● INSTRUCTIONS TO FOLLOW: Any picture in the material should be left out, while all other lines are copied exactly.

● MATERIAL PROVIDED:
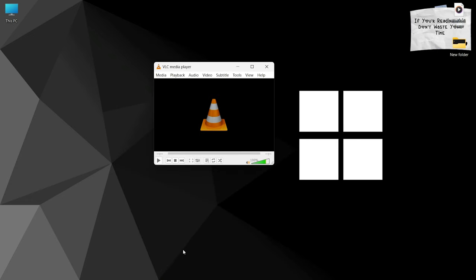Recording your screen using VLC Media Player is a straightforward process. Open VLC Player.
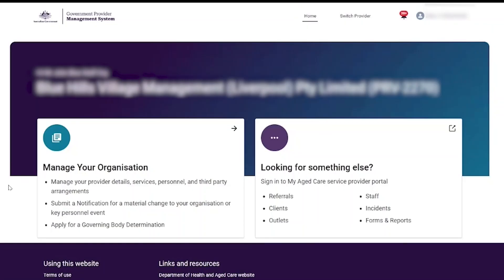Welcome to the guide on how to complete a notification form on the self-service portal. The provider logs into the self-service portal and is presented with the portal landing page.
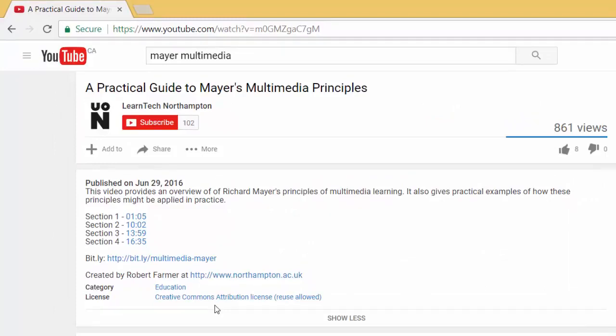This license allows users to reuse the video content as desired, provided the original creator is given credit.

● TASK RESPONSE:
Recording your screen using VLC Media Player is a straightforward process. Open VLC Player.
Welcome to the guide on how to complete a notification form on the self-service portal. The provider logs into the self-service portal and is presented with the portal landing page.
This license allows users to reuse the video content as desired, provided the original creator is given credit.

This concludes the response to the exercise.